About this exercise: Word for word, restate the data that follows, omitting the images.

Data provided:
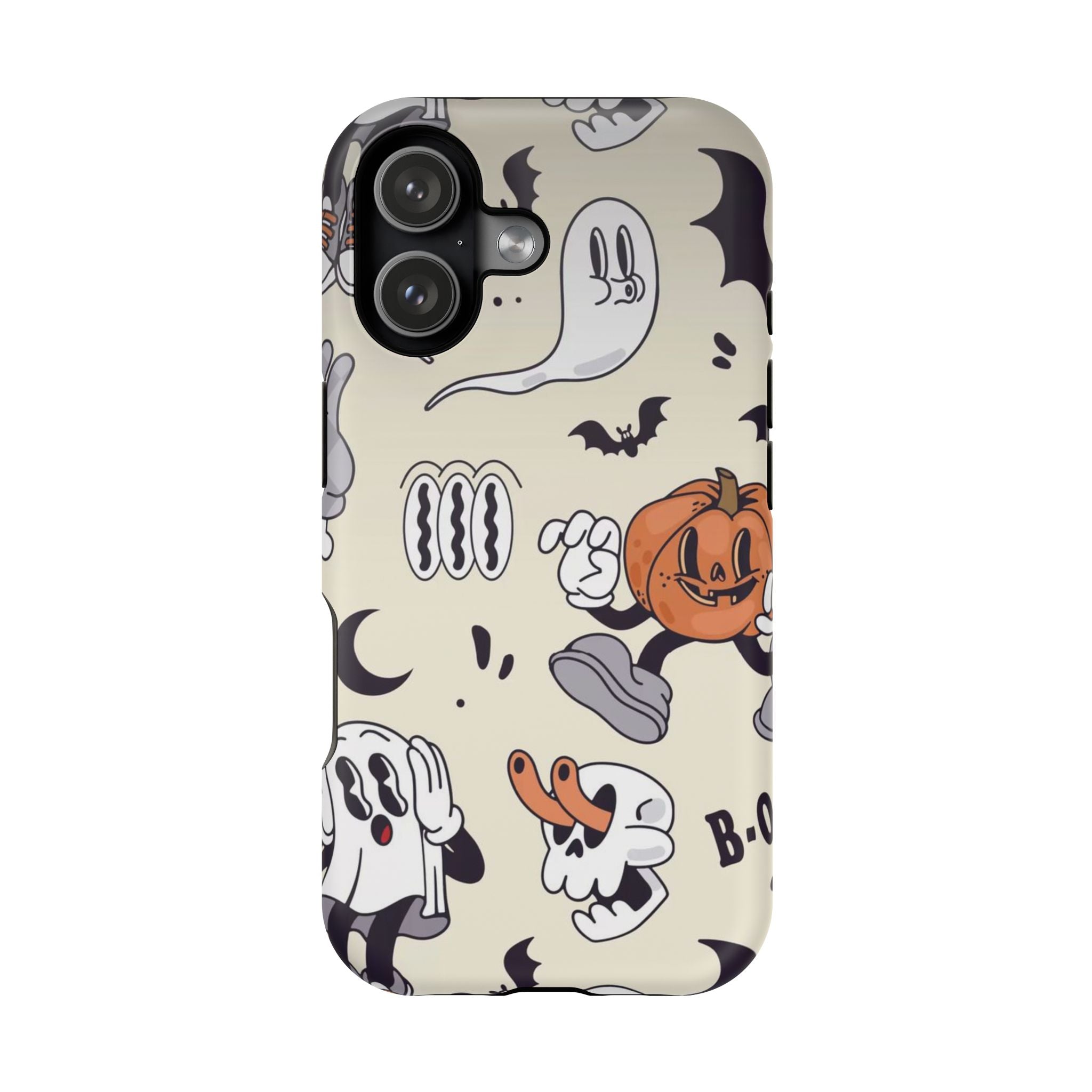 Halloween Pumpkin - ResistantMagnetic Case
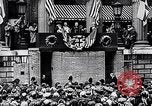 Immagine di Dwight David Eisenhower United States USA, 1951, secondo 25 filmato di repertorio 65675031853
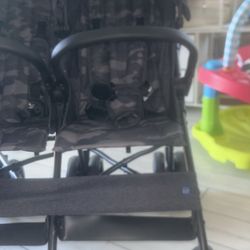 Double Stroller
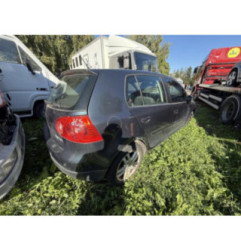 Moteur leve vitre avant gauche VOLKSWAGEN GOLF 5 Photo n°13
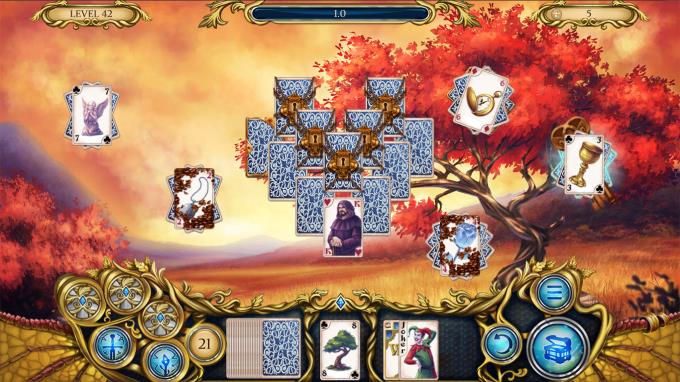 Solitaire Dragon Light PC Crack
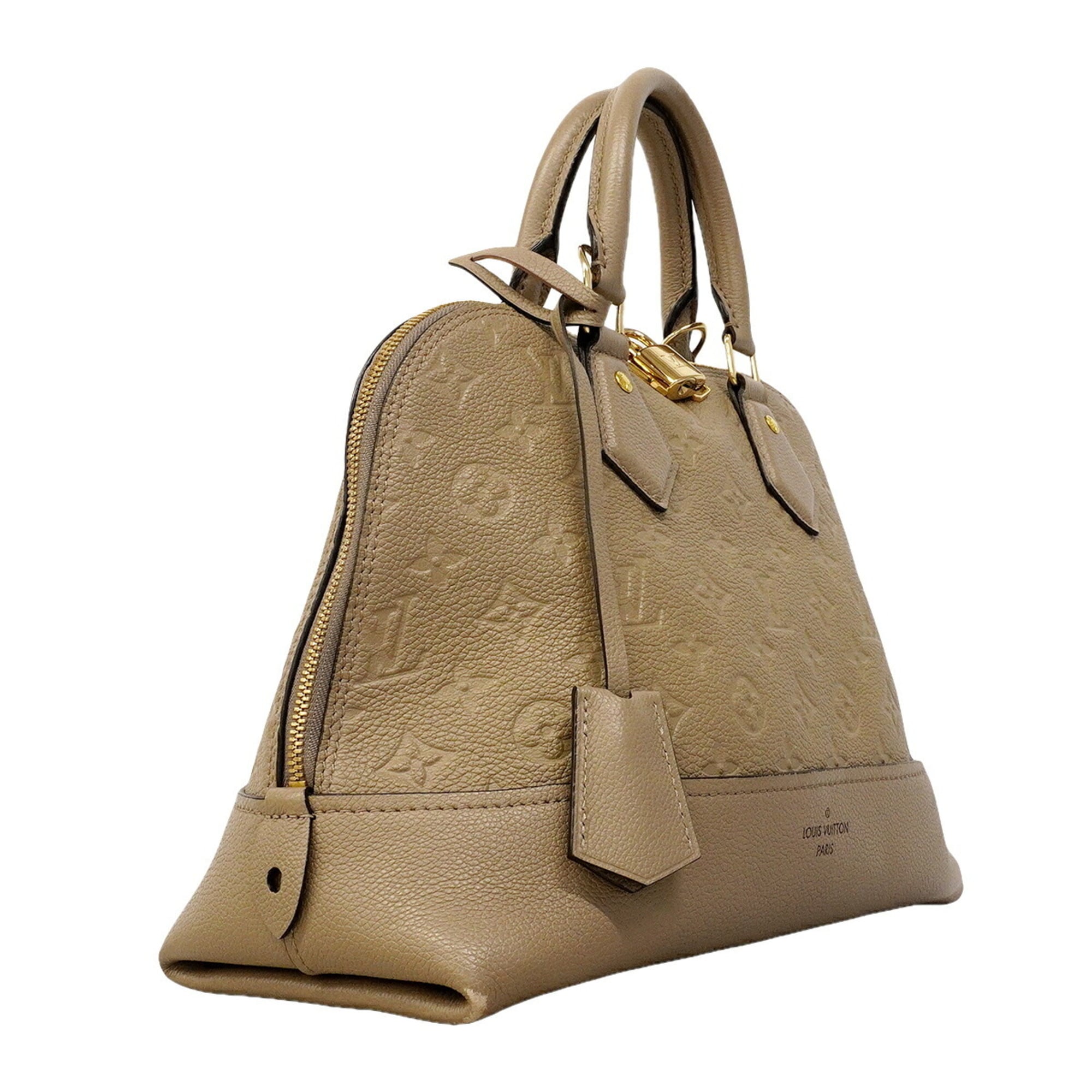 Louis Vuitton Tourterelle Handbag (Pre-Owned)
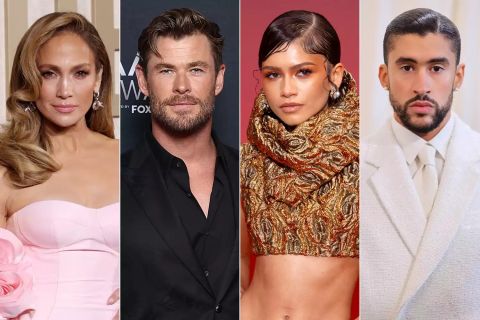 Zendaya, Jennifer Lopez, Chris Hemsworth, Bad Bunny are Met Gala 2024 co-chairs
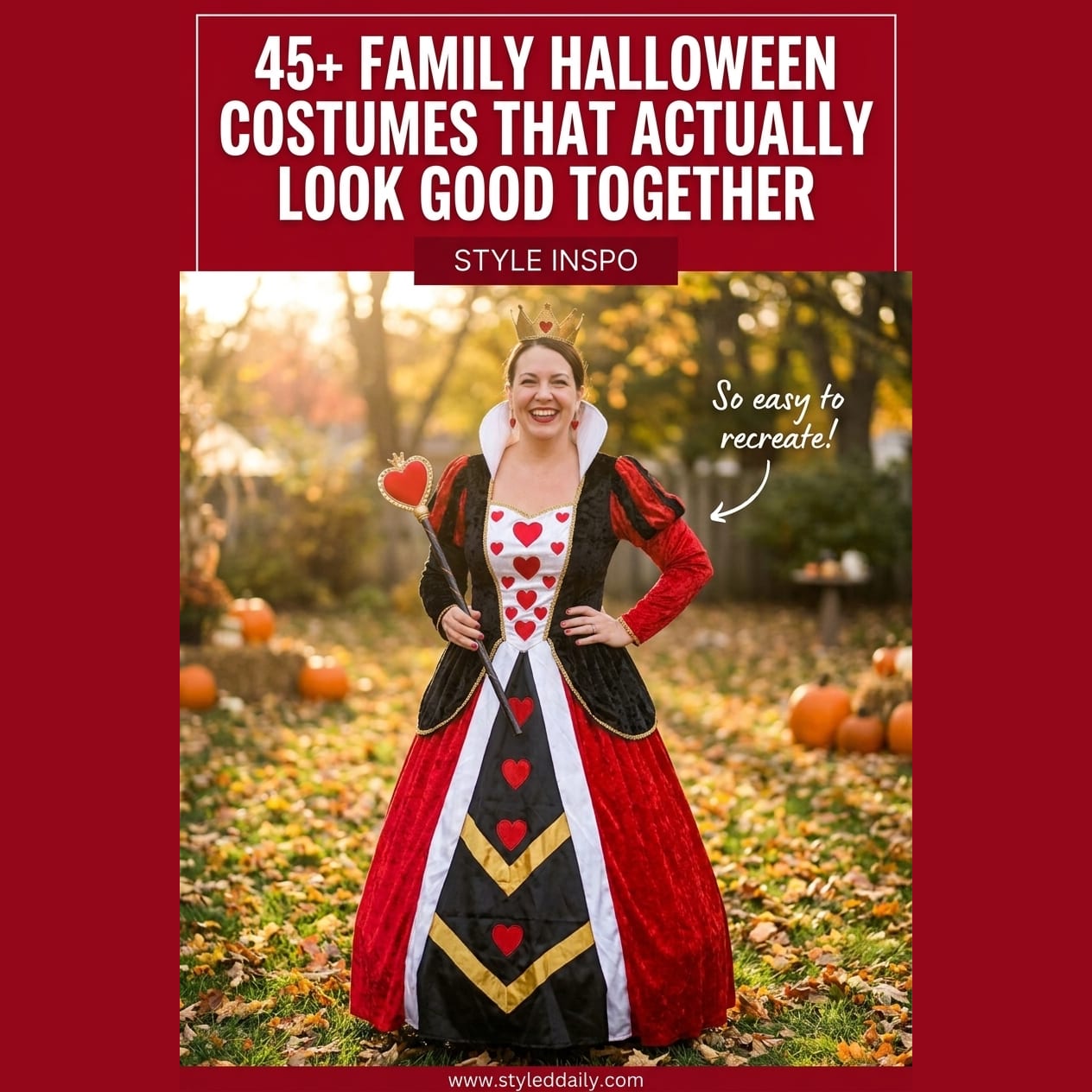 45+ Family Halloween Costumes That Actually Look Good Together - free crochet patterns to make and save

Written solution:
 Halloween Pumpkin - ResistantMagnetic Case
 Immagine di Dwight David Eisenhower United States USA, 1951, secondo 25 filmato di repertorio 65675031853
 Double Stroller
 Moteur leve vitre avant gauche VOLKSWAGEN GOLF 5 Photo n°13
 Solitaire Dragon Light PC Crack
 Louis Vuitton Tourterelle Handbag (Pre-Owned)
 Zendaya, Jennifer Lopez, Chris Hemsworth, Bad Bunny are Met Gala 2024 co-chairs
 45+ Family Halloween Costumes That Actually Look Good Together - free crochet patterns to make and save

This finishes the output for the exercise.